Where are all the butterfiles this spring/summer?
I haven't seen one Tiger Swallowtail butterfly or any other butterfly around anywhere except for a few small white cabbage butterflies. I have a butterfly bush in my backyard, that is normally covered with butterflies, but not this summer...I haven't seen any. I don't use any pesticides or anything else in my yard. I let nature handle everything. Is the lack of butterflies due to climate change or from people using neonics or a combination of both? It is very depressing not seeing butterflies around. :(
Montgomery County Maryland
We understand it's depressing and this is a common question we receive this time of year. The answer is complex, but in short, it is likely a combination of temporary seasonal fluctuations as well as chronic long-term issues.
It is good that you avoid pesticides; unfortunately, there could be many other reasons (perhaps multiple reasons at once) that are causing an apparent decline in your local butterfly population.
loss of habitat - while your yard flora is probably stable, public-land and private lots are not, alas, given continued development and the replacement of lost plants with non-natives (often) or plants which happen not to support the butterfly species in that area; most species are quite host-specific and have a relatively small range of caterpillar food options. Invasive plant species also displace native host plants, and deer (which avoid most invasive species) have become overpopulated and are consuming proportionately more native species than they used to. While they cannot reach mature trees (a food source for multiple butterflies), they can stunt or kill saplings that are needed to replace trees dying of natural causes in the woods.
use of pesticides elsewhere - we do not have precise data on how far various butterfly species fly and disperse, but blanket sprays for other pests (mosquitoes, Gypsy moths, etc.) can impact butterflies if the pesticide is not chosen wisely (or it's not possible to eliminate non-target impacts like this)

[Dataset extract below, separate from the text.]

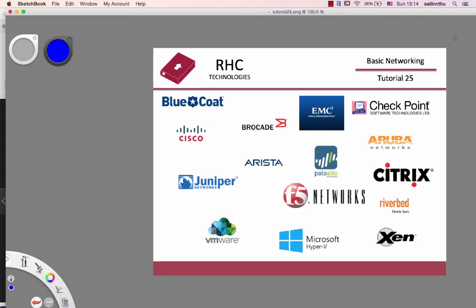Welcome back everyone, basic networking tutorial 25. In the computer networking today ecosystem, it's a challenge. Networking is never done — companies in general need to keep up with the market.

predator/parasite population dynamics - prey species and their predators (or parasites) can have "boom" and "bust" years, and tend to be cyclical, the peaks chasing each other as one population rises and then the other; winter and spring weather may play a role in survival of both species as well, possibly tipping the balance any given year
loss of host plants - as one example, the invasive pest Emerald Ash Borer has decimated our Ash tree populations, and Tiger Swallowtail uses Ash as one of its caterpillar host plants. We do not know if Ash plays a critical role in their life cycle (as they can use other species as well), or if Ash conveys any improved survivorship of caterpillars for some reason, but it is an instance of a supporting host plant no longer being widely available to a species. In addition, as mentioned above, several canopy trees play host to multiple butterfly species. Home landscapes, neighborhood street trees, commercial property grounds and so forth don't always plant these large species, instead opting for smaller and/or more decorative flowering trees that don't support the same (or any) butterfly larvae. For example, Hackberry trees support several butterfly caterpillars, but because Hackberry happens to have a horrible public-relations name and no particularly showy flowers or fall foliage color, it isn't planted as often as, say, the smaller and colorful Crepemyrtle, which supports none of our butterflies.

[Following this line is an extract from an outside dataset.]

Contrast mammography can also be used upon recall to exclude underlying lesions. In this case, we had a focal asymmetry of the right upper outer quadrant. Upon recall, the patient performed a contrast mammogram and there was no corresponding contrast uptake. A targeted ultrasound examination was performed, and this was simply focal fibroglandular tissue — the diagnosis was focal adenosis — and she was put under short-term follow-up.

insufficient nectar sources - populations of some native "weeds" that grow primarily in disturbed sites, like Common Milkweed, can be mowed-down by maintenance crews when growing by roadsides (as presumably they are required to keep that shoulder buffer accessible) and in other unkempt wild areas near developed lots. Even though adult butterflies may get by using other nectar sources (Butterfly Bush, etc), perhaps these sources are not providing the same nutrition and therefore the reproductive health of the population is compromised.
timing - although butterflies tend to have multiple generations per year, the periods when most are in their non-adult life stages cause a lull in adult butterfly sightings; overlapping generations can occur, but as we approach late summer, more of the species that overwinter as larvae or pupae are prevalent as adults because they are in their final throes of breeding for the year. This tricks us into assuming butterflies are lacking in mid-summer when they may not be.

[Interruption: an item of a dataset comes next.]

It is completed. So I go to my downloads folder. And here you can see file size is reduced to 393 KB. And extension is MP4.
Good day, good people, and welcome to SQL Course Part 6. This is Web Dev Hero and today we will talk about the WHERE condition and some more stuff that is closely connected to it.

- population decline - sometimes it's just because populations are really on the decline overall, and this is blamed on a number of co-occurring factors which we touched-upon above: primarily habitat loss, pesticide use, and freak weather events. How much climate change is involved is still being studied. Generalized insect studies (and even anecdotal observations) in various countries have noted an apparent substantial decline in insect populations overall.
Thank you for your very informative answer. It makes me very sad to see the natural world in decline, due to human activity. Every time I see a forest around here being bulldozed, to make way for more houses, condos, parking garages, etc., it makes me want to cry. When I grew up in this area, there were an abundance of forests, butterflies, birds and other animals....I really miss those days. Also back then we never had to worry about Lyme disease because it was unheard of around here...but now it is a huge concern because Maryland is considered one of the hot spots for Lyme disease. (sigh)
You're welcome. You are certainly not alone in your sentiments about this. Keep doing what you can in your garden and in your community to support the habitat and conditions these insects and other wildlife need.